Interesting experiment:

Interesting, indeed - particularly doing the test with novices and more experienced tasters.

Very interesting is this:

An interesting finding of this research is that even when tasted blind, there was a positive correlation between preference and price—the higher the price, the more positive response—and tasters who had little to no blind tasting training seemed to prefer more acidic wines, more alcohol by volume, and less oak flavors.

My daughter is in the Oxford Blind Tasting Society with the authors. While she was always interested in wine, this has taken it to a whole new level. While I have attended blind tastings, it is nothing like what they do. Seems to range from fun to very intense.

Makes sense.

“Civilians” seem to like that profile.

From my experience hosting big parties and from a blind tasting group where others aren’t “geeks”, I can see the more ABV, but usually the high oak and low acid wines do well.

Agree about Alc, but not sure acid generally popular among casual drinkers. Oak and ripe fruit usually ring the bell.

Those are relative things, any of which will have a sweet spot for someone. So, more acidic compared to what baseline? Higher ABV compared to what? More oak than what? Depending where you set those relative baselines, you can state such vagueness either way and be correct.

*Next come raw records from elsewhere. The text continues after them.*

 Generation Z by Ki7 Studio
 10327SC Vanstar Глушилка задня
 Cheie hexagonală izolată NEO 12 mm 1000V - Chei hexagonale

A dull wine can be brightened up with more acid. Too much and it’s shrill. Increasing ABV adds body well before heat. A consumer who likes a lot of toasty savory oak as a major factor in a wine can be turned off by a dollop of caramel on top of that.



I think that’s right when novices taste wines in isolation. But I was struck years ago when I invited novice to blind tastings how often they preferred the wines I thought were better, which often meant less alcohol, more acid. Tasting several wines side by side sharpens the palate, regardless of how much experience you have.

A long while ago, at a Siduri Open House, Adam brought in a father and son coopers and they poured exactly same wine from 2 of their (French) barrels, one medium toast and one high. Same forest, same air drying regiment, just a different toast level. This was back in the Parker days and I spent about 45 minutes next to barrels observing a good number of board members who usually complained online about too much oak and their dislike for it. Well, and these were not noob palates, but mostly they picked “medium” toast barrel as the one they preferred. So, not sure its just the noobs liking more oak.

And speaking of noobs, I am not sure we should paint them all with same brush, I have come across a good number who seem more than fine picking the “right” bottle in front of them, and by right I mean more balanced (less oak, more acidity). They may not be able to use and have all the adjectives to describe flavors, but that comes from experience, same as the study suggests.